Indicate how many lines in the listing below contain the word "from". No other output is permitted.

..............................

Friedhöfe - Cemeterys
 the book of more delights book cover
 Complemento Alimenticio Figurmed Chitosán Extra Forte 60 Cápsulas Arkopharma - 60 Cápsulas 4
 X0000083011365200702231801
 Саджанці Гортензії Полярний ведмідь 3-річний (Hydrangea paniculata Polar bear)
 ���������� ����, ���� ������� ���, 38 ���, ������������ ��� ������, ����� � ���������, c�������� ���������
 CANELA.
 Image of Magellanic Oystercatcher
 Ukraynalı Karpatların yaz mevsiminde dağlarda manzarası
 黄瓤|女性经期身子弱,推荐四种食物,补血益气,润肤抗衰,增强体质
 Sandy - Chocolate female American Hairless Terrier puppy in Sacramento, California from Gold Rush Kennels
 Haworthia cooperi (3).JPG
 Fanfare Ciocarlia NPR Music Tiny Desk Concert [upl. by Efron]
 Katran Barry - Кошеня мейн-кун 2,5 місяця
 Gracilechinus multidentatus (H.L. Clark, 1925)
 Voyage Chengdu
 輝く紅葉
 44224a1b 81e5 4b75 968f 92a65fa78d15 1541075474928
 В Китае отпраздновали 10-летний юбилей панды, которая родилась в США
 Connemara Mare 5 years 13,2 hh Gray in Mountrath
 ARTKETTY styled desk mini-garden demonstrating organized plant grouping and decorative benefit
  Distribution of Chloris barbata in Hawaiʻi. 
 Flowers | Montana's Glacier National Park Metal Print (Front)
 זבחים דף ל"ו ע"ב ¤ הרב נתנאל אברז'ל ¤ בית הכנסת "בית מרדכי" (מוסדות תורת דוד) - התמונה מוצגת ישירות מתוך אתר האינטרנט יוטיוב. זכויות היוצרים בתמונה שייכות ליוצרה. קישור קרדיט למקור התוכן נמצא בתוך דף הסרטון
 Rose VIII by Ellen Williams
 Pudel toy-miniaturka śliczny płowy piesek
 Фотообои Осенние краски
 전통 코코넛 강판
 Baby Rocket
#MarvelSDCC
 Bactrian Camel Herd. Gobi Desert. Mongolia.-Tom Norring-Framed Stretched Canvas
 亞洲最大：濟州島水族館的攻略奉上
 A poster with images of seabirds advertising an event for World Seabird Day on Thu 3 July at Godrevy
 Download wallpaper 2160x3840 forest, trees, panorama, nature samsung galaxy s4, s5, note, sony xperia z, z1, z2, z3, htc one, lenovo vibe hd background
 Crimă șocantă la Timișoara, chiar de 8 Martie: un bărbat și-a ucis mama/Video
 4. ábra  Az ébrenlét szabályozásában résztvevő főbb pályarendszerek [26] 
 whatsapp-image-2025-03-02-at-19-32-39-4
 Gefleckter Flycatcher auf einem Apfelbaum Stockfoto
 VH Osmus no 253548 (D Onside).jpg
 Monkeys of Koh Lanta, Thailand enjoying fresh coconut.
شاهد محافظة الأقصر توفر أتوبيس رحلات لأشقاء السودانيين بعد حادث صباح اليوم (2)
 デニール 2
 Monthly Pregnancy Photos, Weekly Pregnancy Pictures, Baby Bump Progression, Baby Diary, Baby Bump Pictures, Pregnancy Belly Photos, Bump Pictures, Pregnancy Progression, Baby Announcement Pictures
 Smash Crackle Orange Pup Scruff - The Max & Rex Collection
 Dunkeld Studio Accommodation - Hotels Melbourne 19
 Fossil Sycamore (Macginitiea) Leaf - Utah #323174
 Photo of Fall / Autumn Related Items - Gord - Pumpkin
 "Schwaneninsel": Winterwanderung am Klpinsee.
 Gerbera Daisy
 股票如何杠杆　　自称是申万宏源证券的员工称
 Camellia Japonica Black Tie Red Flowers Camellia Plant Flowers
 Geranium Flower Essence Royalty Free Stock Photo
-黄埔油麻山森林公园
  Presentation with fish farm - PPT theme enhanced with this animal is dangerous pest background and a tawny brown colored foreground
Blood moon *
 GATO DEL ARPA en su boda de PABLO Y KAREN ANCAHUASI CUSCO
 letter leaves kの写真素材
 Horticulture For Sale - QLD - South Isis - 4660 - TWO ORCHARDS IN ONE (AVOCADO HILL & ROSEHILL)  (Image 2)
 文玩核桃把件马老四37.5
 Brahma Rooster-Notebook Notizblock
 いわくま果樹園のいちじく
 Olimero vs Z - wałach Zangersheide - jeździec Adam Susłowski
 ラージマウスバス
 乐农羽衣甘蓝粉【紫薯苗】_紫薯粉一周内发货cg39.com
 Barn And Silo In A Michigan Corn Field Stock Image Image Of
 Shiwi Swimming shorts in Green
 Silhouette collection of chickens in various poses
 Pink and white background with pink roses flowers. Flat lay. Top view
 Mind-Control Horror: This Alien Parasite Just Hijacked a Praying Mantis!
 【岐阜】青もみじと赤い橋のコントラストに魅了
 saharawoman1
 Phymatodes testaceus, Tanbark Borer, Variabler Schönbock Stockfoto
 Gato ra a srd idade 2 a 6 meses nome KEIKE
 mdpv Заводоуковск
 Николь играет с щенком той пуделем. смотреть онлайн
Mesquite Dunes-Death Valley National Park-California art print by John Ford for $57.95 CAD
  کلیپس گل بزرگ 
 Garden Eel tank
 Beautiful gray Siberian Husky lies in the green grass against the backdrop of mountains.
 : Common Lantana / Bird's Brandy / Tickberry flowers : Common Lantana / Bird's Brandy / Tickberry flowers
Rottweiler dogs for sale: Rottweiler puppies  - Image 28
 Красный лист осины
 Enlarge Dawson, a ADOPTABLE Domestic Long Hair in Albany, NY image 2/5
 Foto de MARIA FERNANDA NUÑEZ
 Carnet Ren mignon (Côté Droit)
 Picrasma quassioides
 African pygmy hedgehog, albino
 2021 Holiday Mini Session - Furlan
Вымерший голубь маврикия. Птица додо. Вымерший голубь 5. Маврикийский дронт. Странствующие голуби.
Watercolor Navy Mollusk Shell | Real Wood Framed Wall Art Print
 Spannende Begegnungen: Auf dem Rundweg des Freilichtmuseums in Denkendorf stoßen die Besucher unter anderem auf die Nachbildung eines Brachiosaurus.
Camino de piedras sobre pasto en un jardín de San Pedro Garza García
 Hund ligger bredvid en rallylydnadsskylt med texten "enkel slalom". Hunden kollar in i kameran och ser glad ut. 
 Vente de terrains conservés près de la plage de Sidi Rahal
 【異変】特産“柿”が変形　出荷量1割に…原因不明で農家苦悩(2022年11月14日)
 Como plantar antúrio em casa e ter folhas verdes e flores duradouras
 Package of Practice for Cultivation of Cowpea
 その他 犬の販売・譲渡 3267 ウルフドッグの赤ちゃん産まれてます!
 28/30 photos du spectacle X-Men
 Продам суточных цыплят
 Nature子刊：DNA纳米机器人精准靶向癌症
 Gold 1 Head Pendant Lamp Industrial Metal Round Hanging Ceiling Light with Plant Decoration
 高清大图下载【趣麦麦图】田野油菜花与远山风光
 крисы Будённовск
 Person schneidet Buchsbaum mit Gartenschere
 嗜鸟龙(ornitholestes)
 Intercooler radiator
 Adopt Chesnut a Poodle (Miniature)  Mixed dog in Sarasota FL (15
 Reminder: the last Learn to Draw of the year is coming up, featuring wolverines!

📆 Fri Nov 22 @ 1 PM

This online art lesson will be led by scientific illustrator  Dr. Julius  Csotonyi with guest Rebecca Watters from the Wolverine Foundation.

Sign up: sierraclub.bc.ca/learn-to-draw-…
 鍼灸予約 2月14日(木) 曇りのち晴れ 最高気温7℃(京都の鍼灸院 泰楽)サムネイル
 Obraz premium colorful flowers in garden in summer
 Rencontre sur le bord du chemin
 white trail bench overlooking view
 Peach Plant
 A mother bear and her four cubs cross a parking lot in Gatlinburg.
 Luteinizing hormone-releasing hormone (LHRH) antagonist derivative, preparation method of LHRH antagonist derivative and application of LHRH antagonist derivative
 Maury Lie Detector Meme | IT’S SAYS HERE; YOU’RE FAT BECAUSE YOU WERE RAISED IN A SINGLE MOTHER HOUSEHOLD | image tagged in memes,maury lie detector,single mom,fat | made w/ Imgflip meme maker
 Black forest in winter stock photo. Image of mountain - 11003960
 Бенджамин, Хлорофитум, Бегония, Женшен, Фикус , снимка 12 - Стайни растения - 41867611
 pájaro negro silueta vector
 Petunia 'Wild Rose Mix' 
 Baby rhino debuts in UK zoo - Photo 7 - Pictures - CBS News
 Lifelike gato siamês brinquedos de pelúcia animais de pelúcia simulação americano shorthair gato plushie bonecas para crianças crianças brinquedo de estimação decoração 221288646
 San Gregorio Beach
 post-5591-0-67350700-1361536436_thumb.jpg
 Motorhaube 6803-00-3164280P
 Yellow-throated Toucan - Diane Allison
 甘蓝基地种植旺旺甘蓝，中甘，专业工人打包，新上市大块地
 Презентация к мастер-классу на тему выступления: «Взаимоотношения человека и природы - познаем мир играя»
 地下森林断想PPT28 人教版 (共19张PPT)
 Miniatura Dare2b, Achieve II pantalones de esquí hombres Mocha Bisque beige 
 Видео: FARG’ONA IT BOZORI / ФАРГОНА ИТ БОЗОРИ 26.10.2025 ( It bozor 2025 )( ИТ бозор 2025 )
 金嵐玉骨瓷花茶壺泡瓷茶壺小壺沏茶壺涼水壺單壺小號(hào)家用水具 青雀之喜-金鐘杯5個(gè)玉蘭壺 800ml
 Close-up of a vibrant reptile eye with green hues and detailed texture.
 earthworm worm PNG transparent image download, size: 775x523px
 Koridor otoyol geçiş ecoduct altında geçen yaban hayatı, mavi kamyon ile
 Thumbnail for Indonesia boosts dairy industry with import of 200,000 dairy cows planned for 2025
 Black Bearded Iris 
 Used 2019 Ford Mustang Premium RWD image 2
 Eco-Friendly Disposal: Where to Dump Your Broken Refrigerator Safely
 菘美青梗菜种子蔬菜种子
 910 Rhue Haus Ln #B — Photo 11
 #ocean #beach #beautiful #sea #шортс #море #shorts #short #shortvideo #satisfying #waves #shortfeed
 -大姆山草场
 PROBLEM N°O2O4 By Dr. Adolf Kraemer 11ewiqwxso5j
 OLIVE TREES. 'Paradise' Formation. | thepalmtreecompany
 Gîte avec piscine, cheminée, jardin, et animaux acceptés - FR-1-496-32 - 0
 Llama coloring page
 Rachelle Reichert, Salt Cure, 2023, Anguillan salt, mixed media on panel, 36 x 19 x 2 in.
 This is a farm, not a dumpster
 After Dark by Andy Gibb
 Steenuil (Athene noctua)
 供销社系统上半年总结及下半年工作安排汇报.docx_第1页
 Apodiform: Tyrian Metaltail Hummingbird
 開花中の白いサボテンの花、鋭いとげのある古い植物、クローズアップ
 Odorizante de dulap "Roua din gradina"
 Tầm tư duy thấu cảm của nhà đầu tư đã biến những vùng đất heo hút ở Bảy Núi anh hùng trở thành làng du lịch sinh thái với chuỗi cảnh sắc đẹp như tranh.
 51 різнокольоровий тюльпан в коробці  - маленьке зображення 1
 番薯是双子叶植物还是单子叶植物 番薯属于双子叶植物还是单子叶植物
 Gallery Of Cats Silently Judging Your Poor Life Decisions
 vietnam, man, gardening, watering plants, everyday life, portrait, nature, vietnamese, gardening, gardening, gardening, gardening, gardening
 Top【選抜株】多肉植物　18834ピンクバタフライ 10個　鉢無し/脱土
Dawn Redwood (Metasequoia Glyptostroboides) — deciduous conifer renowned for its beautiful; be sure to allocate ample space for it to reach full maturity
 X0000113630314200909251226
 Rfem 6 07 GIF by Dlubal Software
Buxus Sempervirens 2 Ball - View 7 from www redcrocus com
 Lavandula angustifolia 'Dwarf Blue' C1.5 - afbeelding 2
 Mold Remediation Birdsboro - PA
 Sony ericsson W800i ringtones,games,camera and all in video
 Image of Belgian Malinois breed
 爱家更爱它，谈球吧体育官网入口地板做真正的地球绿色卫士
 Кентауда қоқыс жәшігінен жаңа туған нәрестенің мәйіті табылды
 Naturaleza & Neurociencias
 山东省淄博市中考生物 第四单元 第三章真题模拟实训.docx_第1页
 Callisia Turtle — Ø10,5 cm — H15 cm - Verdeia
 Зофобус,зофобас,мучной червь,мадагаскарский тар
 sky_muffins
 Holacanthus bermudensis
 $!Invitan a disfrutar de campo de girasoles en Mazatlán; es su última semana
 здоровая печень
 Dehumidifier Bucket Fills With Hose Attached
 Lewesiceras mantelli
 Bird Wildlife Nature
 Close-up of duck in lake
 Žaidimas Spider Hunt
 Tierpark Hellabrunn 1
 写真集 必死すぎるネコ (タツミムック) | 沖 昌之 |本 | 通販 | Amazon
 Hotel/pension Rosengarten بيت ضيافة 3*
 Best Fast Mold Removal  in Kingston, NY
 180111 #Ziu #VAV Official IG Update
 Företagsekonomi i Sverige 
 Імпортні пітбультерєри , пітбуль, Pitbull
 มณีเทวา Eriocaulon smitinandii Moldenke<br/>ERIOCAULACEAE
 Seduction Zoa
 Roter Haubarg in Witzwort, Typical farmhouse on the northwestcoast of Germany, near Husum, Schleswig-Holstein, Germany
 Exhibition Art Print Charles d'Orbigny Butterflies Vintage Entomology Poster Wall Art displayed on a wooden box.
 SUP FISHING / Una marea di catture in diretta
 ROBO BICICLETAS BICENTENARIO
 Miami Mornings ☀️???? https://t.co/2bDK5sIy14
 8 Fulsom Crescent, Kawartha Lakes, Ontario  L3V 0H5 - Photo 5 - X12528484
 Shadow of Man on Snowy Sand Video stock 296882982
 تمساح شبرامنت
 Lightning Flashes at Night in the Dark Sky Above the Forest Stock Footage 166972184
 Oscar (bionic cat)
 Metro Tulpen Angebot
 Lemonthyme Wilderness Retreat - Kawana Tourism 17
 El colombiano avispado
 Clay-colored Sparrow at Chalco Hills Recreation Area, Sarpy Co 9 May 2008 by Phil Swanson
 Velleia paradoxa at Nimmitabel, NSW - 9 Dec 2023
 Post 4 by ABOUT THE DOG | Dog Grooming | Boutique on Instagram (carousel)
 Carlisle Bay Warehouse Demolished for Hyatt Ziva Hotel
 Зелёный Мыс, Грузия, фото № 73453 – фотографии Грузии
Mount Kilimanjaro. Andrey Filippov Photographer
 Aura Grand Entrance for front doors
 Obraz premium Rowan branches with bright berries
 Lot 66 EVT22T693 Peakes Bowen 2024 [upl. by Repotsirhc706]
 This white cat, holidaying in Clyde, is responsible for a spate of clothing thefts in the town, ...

..............................

Worked solution
3